- **What you need to do**
Show every line of the data below that includes the word "will".

- **Dataset records**
--- --- ---
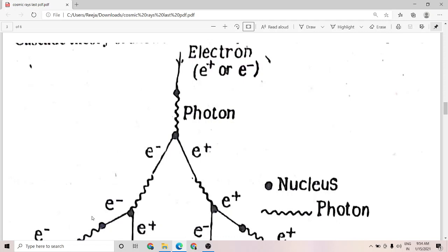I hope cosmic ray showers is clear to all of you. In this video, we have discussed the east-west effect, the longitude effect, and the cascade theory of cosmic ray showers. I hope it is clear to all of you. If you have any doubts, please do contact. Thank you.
--- --- ---
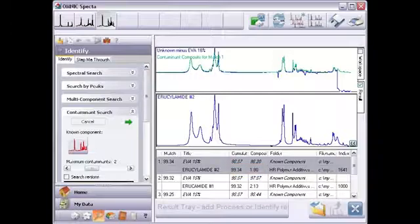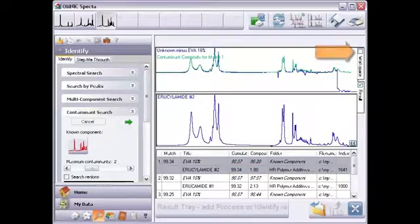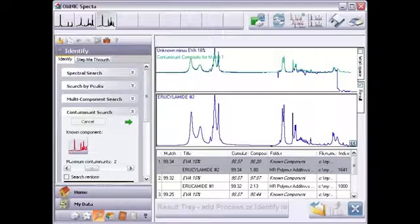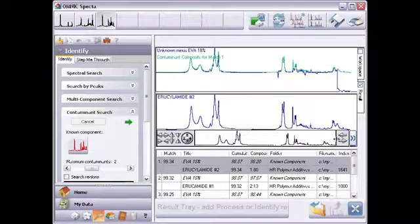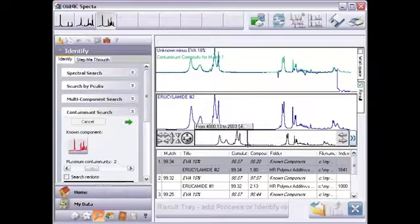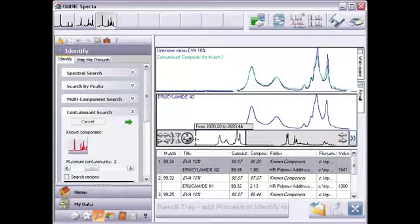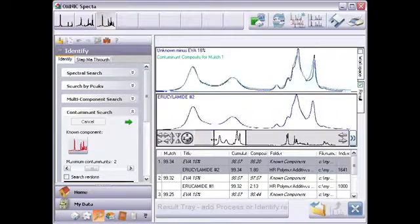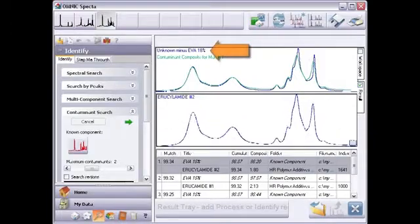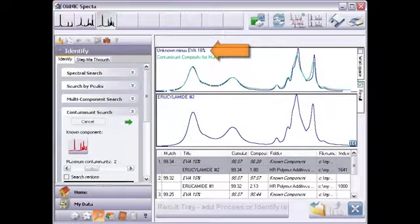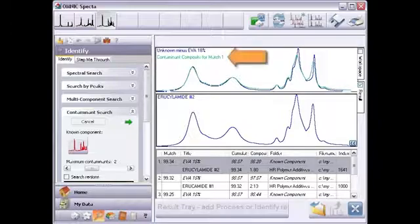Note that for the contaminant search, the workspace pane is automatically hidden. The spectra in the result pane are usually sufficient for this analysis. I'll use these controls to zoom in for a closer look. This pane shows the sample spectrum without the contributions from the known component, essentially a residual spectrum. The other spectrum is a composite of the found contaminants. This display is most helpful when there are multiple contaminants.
--- --- ---
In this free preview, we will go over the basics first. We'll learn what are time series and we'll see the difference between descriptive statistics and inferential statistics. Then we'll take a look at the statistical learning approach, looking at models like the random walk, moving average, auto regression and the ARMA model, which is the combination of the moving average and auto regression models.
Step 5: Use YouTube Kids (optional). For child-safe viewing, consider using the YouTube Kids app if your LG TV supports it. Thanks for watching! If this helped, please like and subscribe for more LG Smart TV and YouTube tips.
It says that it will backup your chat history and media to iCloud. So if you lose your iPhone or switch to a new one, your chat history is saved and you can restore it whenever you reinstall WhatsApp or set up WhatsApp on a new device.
--- --- ---
- **Answer to this task**
In this free preview, we will go over the basics first. We'll learn what are time series and we'll see the difference between descriptive statistics and inferential statistics. Then we'll take a look at the statistical learning approach, looking at models like the random walk, moving average, auto regression and the ARMA model, which is the combination of the moving average and auto regression models.
It says that it will backup your chat history and media to iCloud. So if you lose your iPhone or switch to a new one, your chat history is saved and you can restore it whenever you reinstall WhatsApp or set up WhatsApp on a new device.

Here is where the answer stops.